Modern: Congratulations on your retirement. Why now?
Romano: Because it’s time. I’ll be 68 this year, and I’ve had a good 40-year run in the industry. I want to retire while I’m still young enough to enjoy some other things.
Modern: Was it a tough decision?
Romano: Absolutely. The industry has never been in a better position in my 40 years. For the first time in my years, we’re no longer viewed as a commodity. Our customers understand they need to automate, and they need someone to help them do that. That’s a good position to be in.
Modern: How did you start in the industry?
Romano: I’m a CPA by trade, and years ago, I left one of the big CPA firms to become the controller of a Raymond dealer in New York. At the time, interest rates were hovering around 20%, which made it difficult to sell capital equipment. I introduced financial merchandising, including ROI calculations and leasing in our proposals. That turned out to be successful, which brought me some recognition within Raymond. In the 1990s, I was asked by the CEO to launch their national accounts program. After about 6 years doing that, I had an opportunity with a partner to buy a dealership in New England, and then in 2005, to acquire a majority share of Associated, a dealership in Chicago, where I spent 12 years.
Modern: You were one of the first lift truck dealers to embrace automated systems. How did that happen?
Romano: After trying to grow our systems business for years, I got tired of customers telling us: You’re just a lift truck company. So, we purchased Peach State and became a systems integrator. As a partner, Toyota quickly saw our reasoning and how labor demographics were changing at the same time as our industry was trending to a labor-intensive, e-commerce model. I became part of a team within Toyota that led to their entry into Automated Materials Handling Integration through the acquisitions of Vanderlande and Bastian Solutions. I knew we were on the right track when I saw an ad on Sunday Night Football late last year for a major sporting goods retailer that featured a warehouse we had done and citing it as a competitive advantage. That recognition of the value our industry provides is a good way to end my career.

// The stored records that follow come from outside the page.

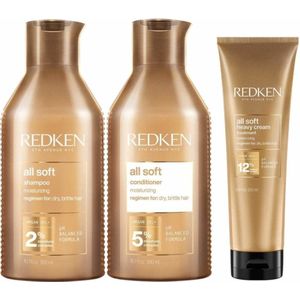 Redken - All Soft de Luxe Set - 300 + 300 + 250ml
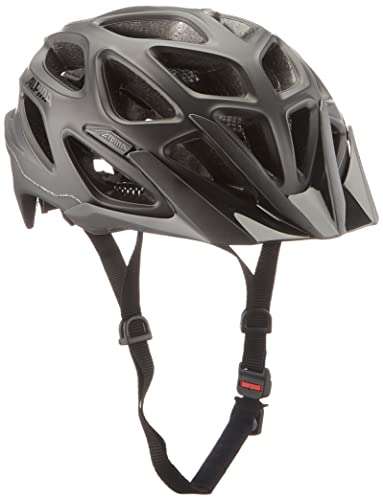 [Prime] ALPINA MYTHOS 3.0 LE Fahrradhelm in matt schwarz für Erwachsene mit 52-57cm Kopfumfang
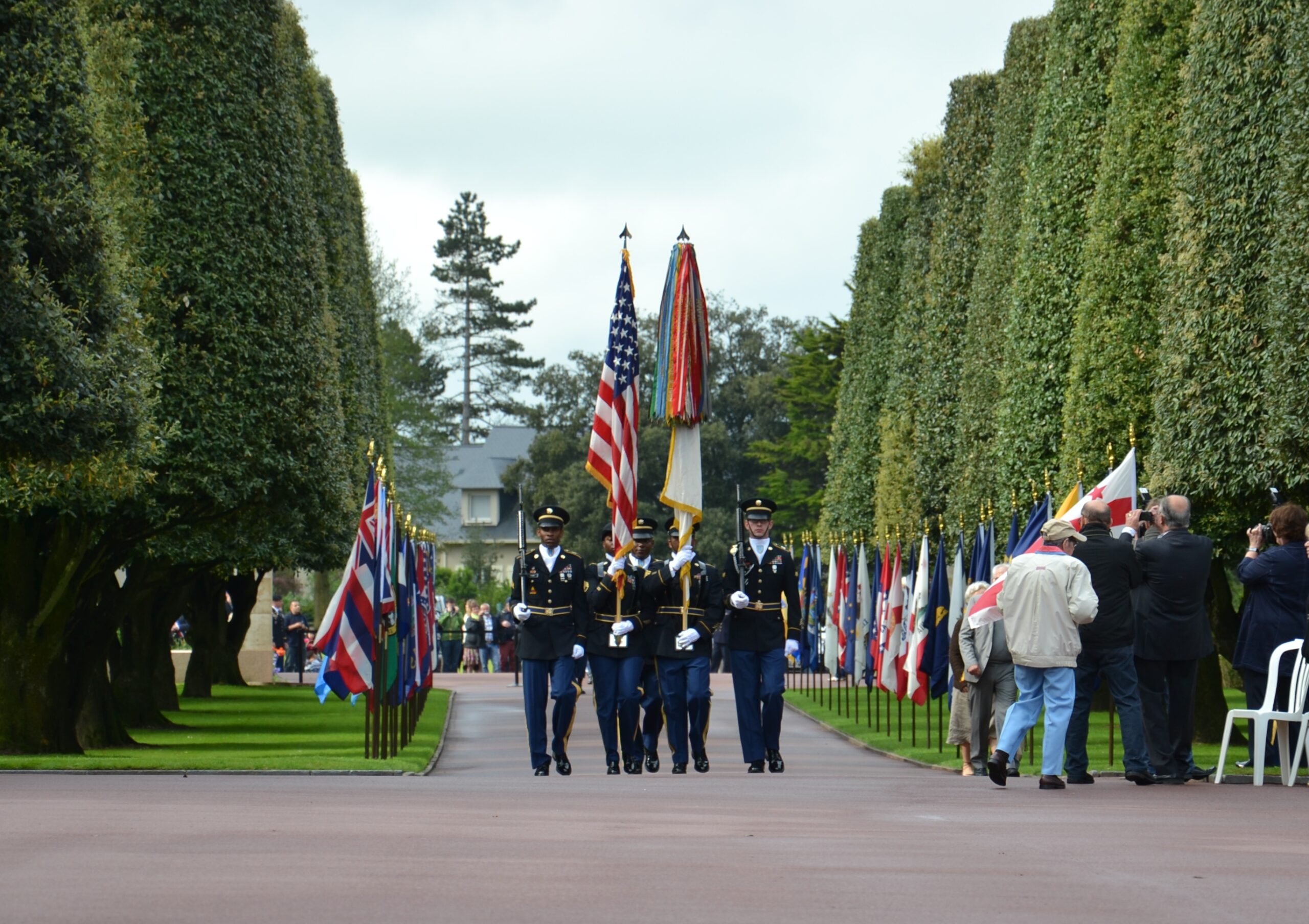Memorial Day 2012 at Normandy American Cemetery in France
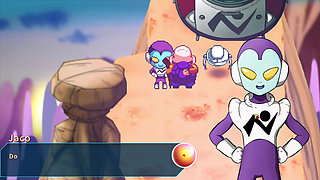 Kame Paradise Multiversex 2 - Roshi Playing with Fords' Big Tits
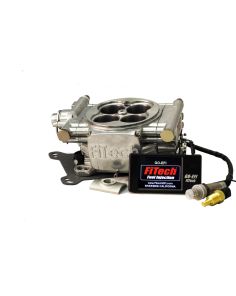 Go EFI 4 600hp Basic Kit Bright Tumble Finish FiTECH FUEL INJECTION 30001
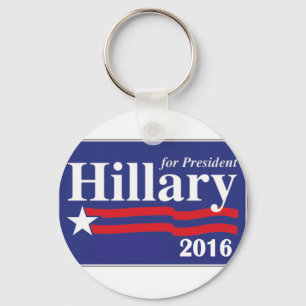 Chaveiro Hillary Clinton para o presidente 2016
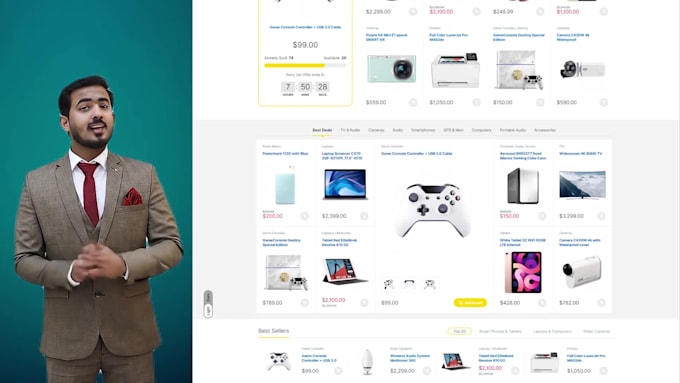 create business websites, portfolio, or ecommerce wordpress websites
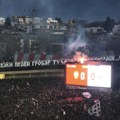 Haos na derbiju zbog transparenta Franji Tuđmanu: Izbio požar na jugu, pa poletele stolice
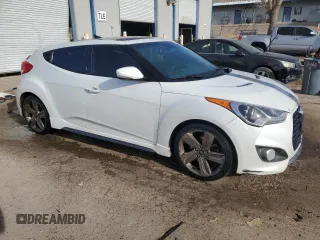 2015 Hyundai Veloster Turbo with VIN KMHTC6AE5FU243883, listed as a Copart auction lot 87482514 with 159,499 mi miles and Clean title. Bid and sale history available at DreamBid. Image 4.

Modern: Within the industry, the two leading lift truck providers—Toyota and KION—entered the automation side of the business, as have other new players. How is that changing the industry?
Romano: We’re going to continue to see consolidation, especially among the bigger industry players. That said, the automation market remains segmented: There’s always going to be room for those regional and local integrators to service small and mid-sized companies that aren’t serviced by the biggest players. You’re also going to see consolidation and acquisitions of technology players because it can be easier to buy technology than to build it yourself.
Modern: What will that mean for our readers, the users of automated materials handling systems?
Romano: The customer is going to have a better opportunity to do a one-stop shop, which is a necessity given that they no longer have the engineering staff they once had. The industry is going to be positioned to take care of them in a more comprehensive way. And, with the additional talent coming into the industry because of our increased recognition and visibility, the customer is going to see a better product. We’ve hired a lot of 20-somethings at Bastian Solutions who are light years ahead of where we were at their ages in their ability to provide significant value to our customers. Our industry has worked hard to build a better bridge with the academic community and it is paying off for us and our customers.